All of the data is to be printed exactly, though the images must be left off.
[[ Extracted material, beginning ]]
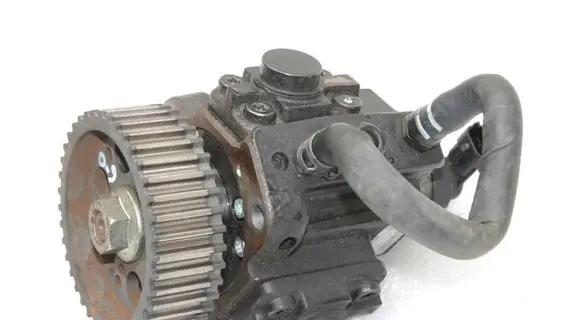 Opel Insignia A Fuel injection high pressure pump 55574632 55571005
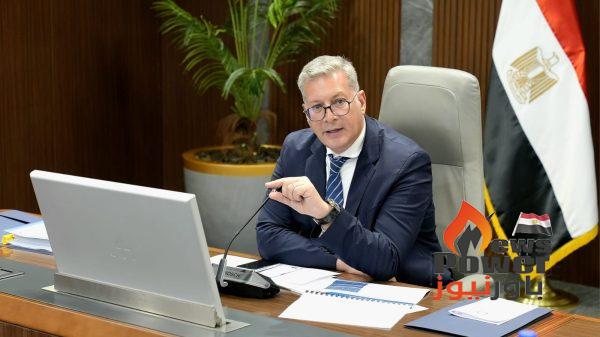 بدوي ويسن وعبد الحميد يصلون مستشفي فايد العام للاطمئنان علي المصابين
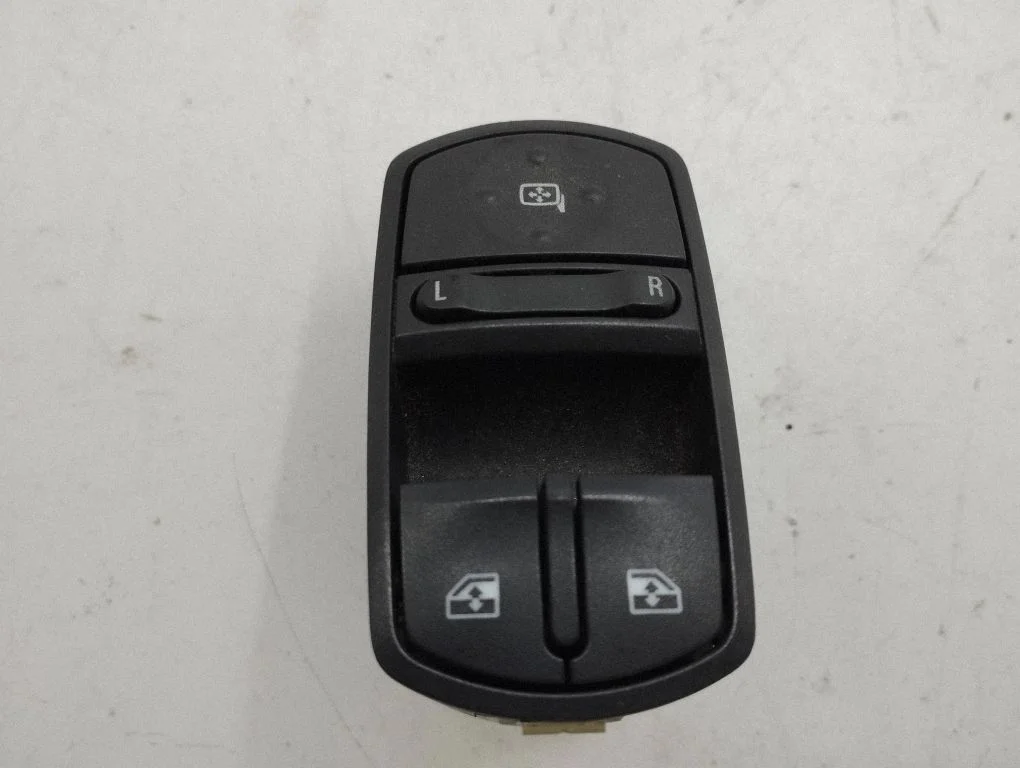 Electric window control switch 13258521
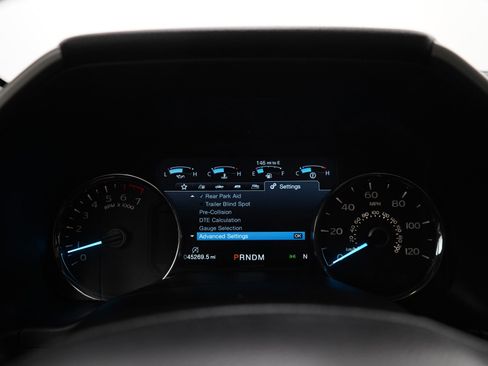 Used 2019 Ford F150 Lariat w/ Equipment Group 502A Luxury AWD/4WD image 27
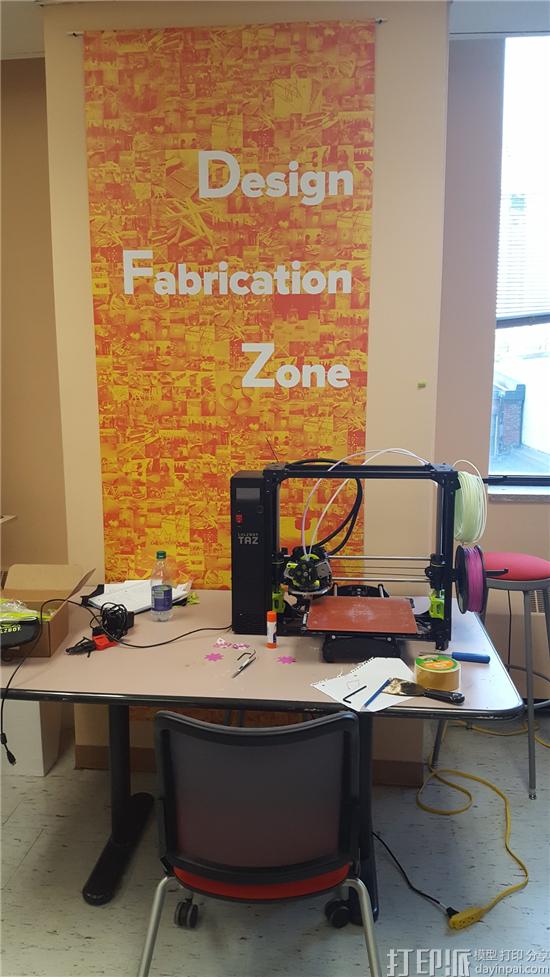 加拿大瑞尔森大学孵化器助力本校学生进军3D打印时尚业 加拿大瑞尔森大学孵化器助力本校学生进军3D打印时尚业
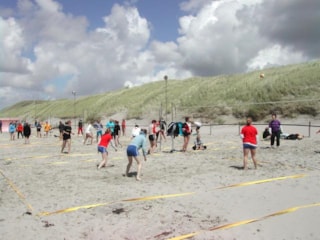 Vorig jaar, harde wind en geen bikini weer !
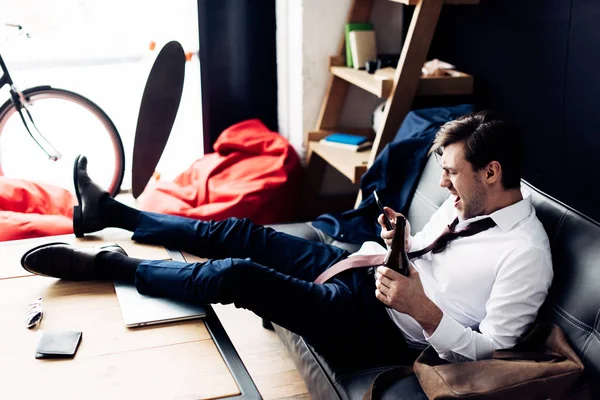 Man Suit Holding Bottle Screaming Smartphone While Sitting Sofa Party — Stock Photo, Image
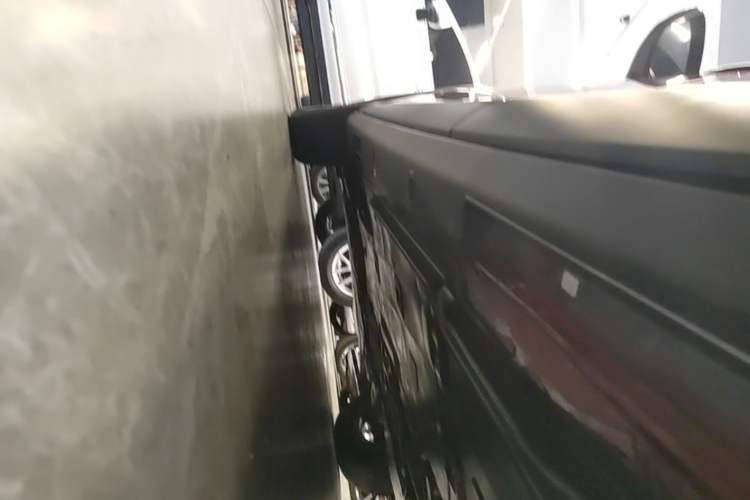 Used Mazda CX-4 2021 2.0L Automatic Two-Wheel Drive Blue Sky Dynamic Edition Left Side Sill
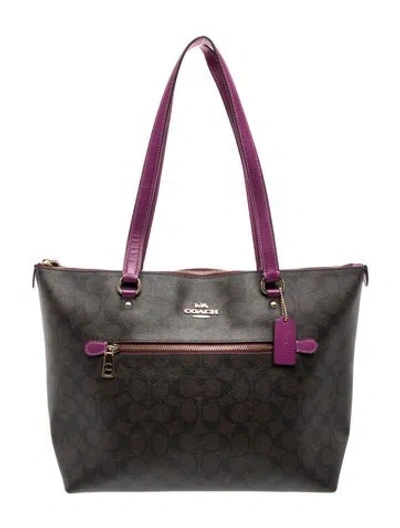 Pre-owned Coach Tote In Brown
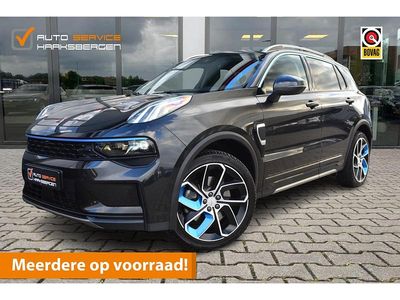 Zwart, metallic lak Occasion 2023 Lynk & Co 01 SUV | € 27.900 (Eerlijke prijs)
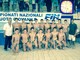 Gli Under 15 del Camogli, secondi classificati alle finali scudetto di Pescara. Con loro nella foto, a sinistra, il dirigente federale Gianfranco De Ferrari, a destra l'olimpionico Marco D'Altrui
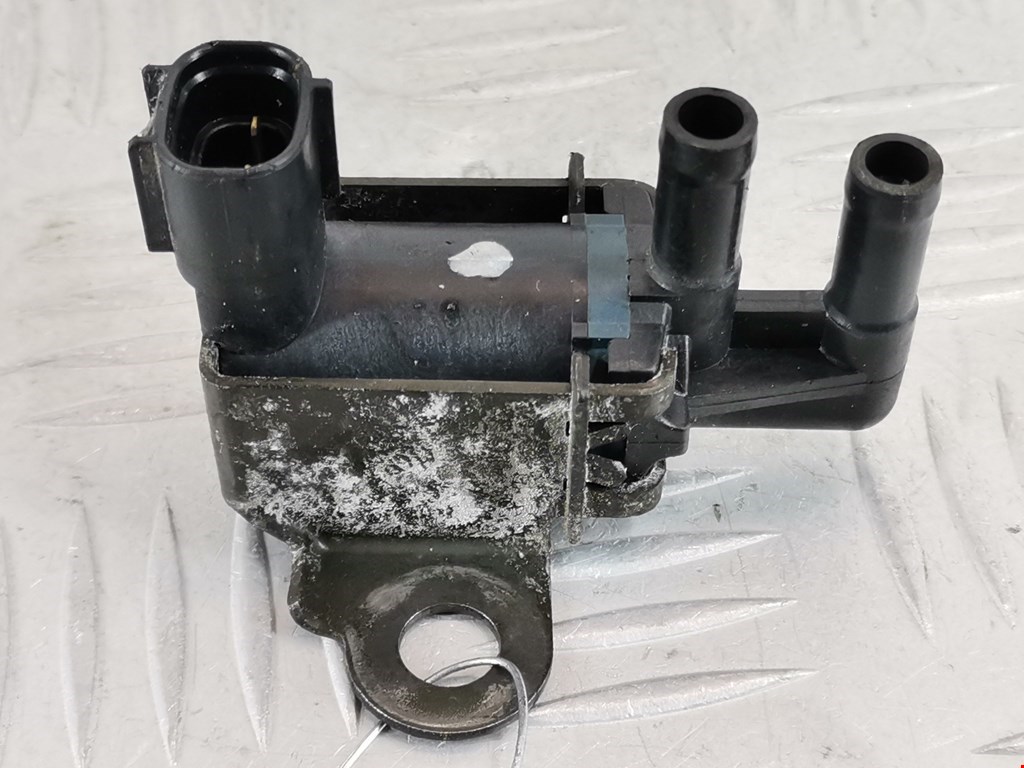 Клапан воздушного фильтра Ford Fiesta 5 (2002-2008)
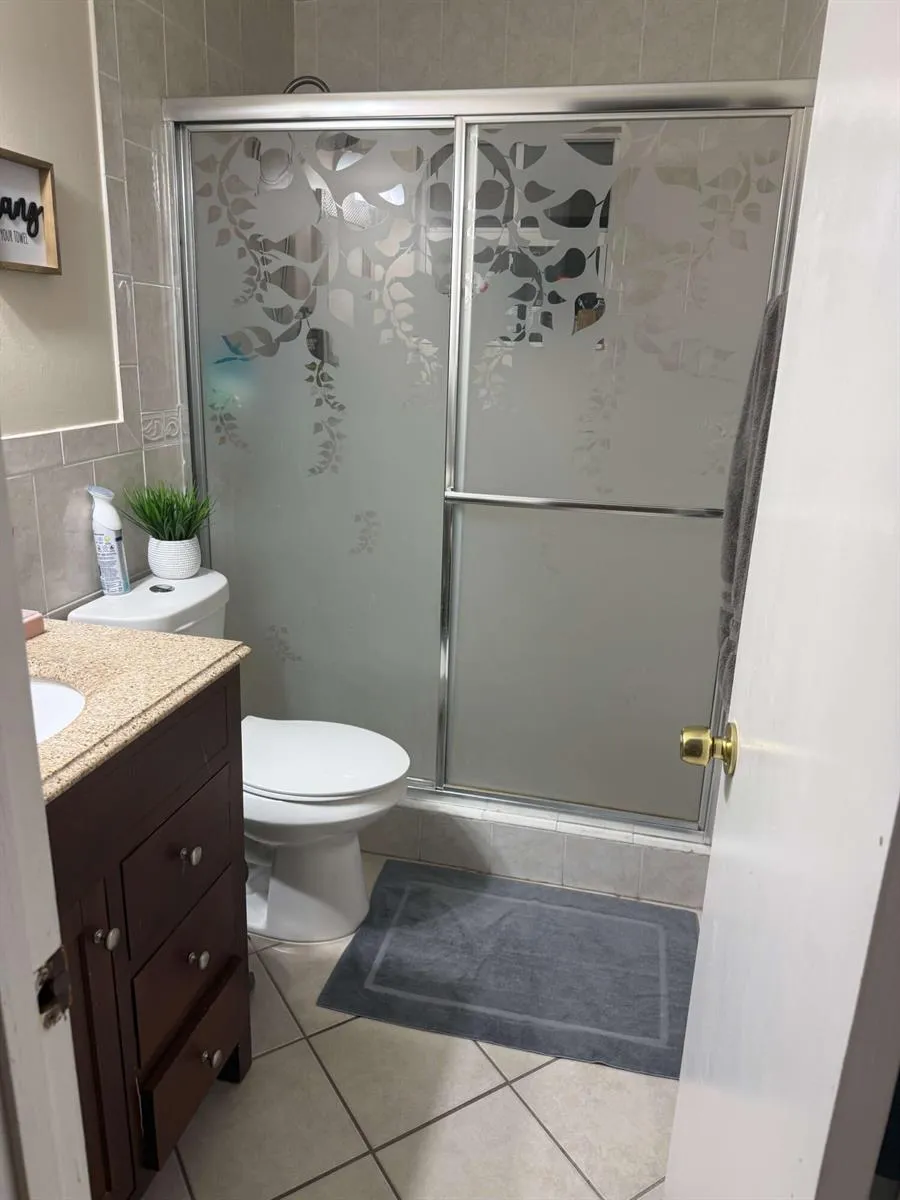 4403 Anna Lane Palm Springs, FL 33406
[[ Extracted material, end ]]
Response |
 Opel Insignia A Fuel injection high pressure pump 55574632 55571005
 بدوي ويسن وعبد الحميد يصلون مستشفي فايد العام للاطمئنان علي المصابين
 Electric window control switch 13258521
 Used 2019 Ford F150 Lariat w/ Equipment Group 502A Luxury AWD/4WD image 27
 加拿大瑞尔森大学孵化器助力本校学生进军3D打印时尚业 加拿大瑞尔森大学孵化器助力本校学生进军3D打印时尚业
 Vorig jaar, harde wind en geen bikini weer !
 Man Suit Holding Bottle Screaming Smartphone While Sitting Sofa Party — Stock Photo, Image
 Used Mazda CX-4 2021 2.0L Automatic Two-Wheel Drive Blue Sky Dynamic Edition Left Side Sill
 Pre-owned Coach Tote In Brown
 Zwart, metallic lak Occasion 2023 Lynk & Co 01 SUV | € 27.900 (Eerlijke prijs)
 Gli Under 15 del Camogli, secondi classificati alle finali scudetto di Pescara. Con loro nella foto, a sinistra, il dirigente federale Gianfranco De Ferrari, a destra l'olimpionico Marco D'Altrui
 Клапан воздушного фильтра Ford Fiesta 5 (2002-2008)
 4403 Anna Lane Palm Springs, FL 33406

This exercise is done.